FC Barcelone : l'entraînement, Busquets, le vestiaire, Piqué...Todibo dévoile son Barça
par butfootballclub

FC Barcelone : l'entraînement, Busquets, le vestiaire, Piqué...Todibo dévoile son Barça

Dans un entretien accordé à Onze, le défenseur du FC Barcelone, Jean-Clair Todibo, est revenu sur son expérience en Catalogne et son prêt à Schalke 04.

Selon toute vraisemblance, il sera encore un joueur du FC Barcelone au cours des prochains mois. A moins que le mercato d'été produise ses effets et que le club catalan décide de le vendre. Jean-Clair Todibo, prêté la saison dernière au club allemand de Schalke 04, a accordé un long entretien à nos confrères de Onze Mondial. Histoire, notamment, de revenir sur son parcours au sein du Barça et de dévoiler ce qu'il espérait en Espagne.

"Pour moi, j’avais le niveau pour jouer avec le Barça. Mais c’est juste qu’avoir le niveau pour jouer avec le Barça et sauter Piqué, ce sont deux choses différentes. Piqué, c’est un « Monsieur » au club. Il a fait énormément pour le Barça. Aujourd’hui, on peut me dire ce qu’on veut par rapport à Piqué. Si moi, je suis coach, je préfère mettre Piqué à Todibo. Il a un vrai palmarès, c’est un grand joueur. Mais je pense que j’aurais pu jouer certains matchs. Vient la question de savoir comment acquérir de l’expérience ? Quand tu t’entraînes avec le Barça, tu prends plein d’expérience, mais la meilleure expérience, c’est celle du rectangle vert, celles des matchs officiels. C’est pour ça que j’ai rejoint Schake 04 en prêt. J’ai joué, j’ai pris en expérience, et j’en prendrai encore."

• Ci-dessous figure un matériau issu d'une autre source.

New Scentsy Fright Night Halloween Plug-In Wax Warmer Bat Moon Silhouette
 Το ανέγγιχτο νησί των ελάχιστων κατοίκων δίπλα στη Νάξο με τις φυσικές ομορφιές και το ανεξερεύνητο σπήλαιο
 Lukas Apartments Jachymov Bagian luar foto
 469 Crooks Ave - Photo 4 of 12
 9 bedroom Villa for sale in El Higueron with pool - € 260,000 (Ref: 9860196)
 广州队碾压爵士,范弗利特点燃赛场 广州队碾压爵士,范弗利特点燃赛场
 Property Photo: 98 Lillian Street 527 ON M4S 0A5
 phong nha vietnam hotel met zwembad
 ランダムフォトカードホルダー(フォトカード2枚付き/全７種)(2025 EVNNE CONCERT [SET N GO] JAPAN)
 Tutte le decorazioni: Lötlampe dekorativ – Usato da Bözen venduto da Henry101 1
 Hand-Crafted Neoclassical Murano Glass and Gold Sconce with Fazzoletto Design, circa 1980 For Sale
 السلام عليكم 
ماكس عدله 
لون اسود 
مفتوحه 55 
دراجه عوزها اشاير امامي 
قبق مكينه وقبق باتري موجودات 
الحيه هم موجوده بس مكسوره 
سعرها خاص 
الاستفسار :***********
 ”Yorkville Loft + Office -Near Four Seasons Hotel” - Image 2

"Je faisais de mon mieux pour me mettre au niveau. De toute façon, tu es obligé, sinon tu vires."

Et l'ancien toulousain de revenir également sur ses premières séances d'entraînement en Catalogne. Avec la régularité d'un certain Busquets qui lui a sauté aux yeux. "Tu arrives à l'entraînement, tu vois un Busquets qui ne perd aucun ballon dans la séance. Toi, tu arrives, tu en perds quatre, cinq, six...alors que tu te dis que ce n'est rien. A Toulouse, tu en perds six, on te dit : "c'est rien." Mais je ne mens pas, quand tu vois Busquets qui n'en perd aucun et que moi, j'en perdais six, j'étais obligé de me remettre en question(...)Je faisais de mon mieux pour me mettre au niveau. De toute façon, tu es obligé, sinon tu vires."